§ **DIRECTIONS FOR THIS TASK**: Of the entries below, return exactly those lines that fall between the one containing "Used 2024 BMW" and the one containing "-田园东方蜜桃村的田野营地", the two end lines included.

Records from a data source
▼▼▼
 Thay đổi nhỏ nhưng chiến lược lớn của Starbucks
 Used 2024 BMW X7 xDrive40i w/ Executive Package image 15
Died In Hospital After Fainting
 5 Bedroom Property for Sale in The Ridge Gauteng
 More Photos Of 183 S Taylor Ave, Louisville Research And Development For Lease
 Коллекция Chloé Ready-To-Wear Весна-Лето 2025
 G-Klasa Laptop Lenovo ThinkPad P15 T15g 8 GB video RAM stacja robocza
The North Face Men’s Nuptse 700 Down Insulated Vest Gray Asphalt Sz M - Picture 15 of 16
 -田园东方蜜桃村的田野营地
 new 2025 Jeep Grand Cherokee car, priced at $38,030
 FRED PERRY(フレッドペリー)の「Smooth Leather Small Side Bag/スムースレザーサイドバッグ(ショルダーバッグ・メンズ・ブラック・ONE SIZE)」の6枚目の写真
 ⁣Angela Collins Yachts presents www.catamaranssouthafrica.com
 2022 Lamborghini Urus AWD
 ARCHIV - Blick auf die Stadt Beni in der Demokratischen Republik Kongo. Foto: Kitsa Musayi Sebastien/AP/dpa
▲▲▲
§ **OUTPUT**:
 Used 2024 BMW X7 xDrive40i w/ Executive Package image 15
Died In Hospital After Fainting
 5 Bedroom Property for Sale in The Ridge Gauteng
 More Photos Of 183 S Taylor Ave, Louisville Research And Development For Lease
 Коллекция Chloé Ready-To-Wear Весна-Лето 2025
 G-Klasa Laptop Lenovo ThinkPad P15 T15g 8 GB video RAM stacja robocza
The North Face Men’s Nuptse 700 Down Insulated Vest Gray Asphalt Sz M - Picture 15 of 16
 -田园东方蜜桃村的田野营地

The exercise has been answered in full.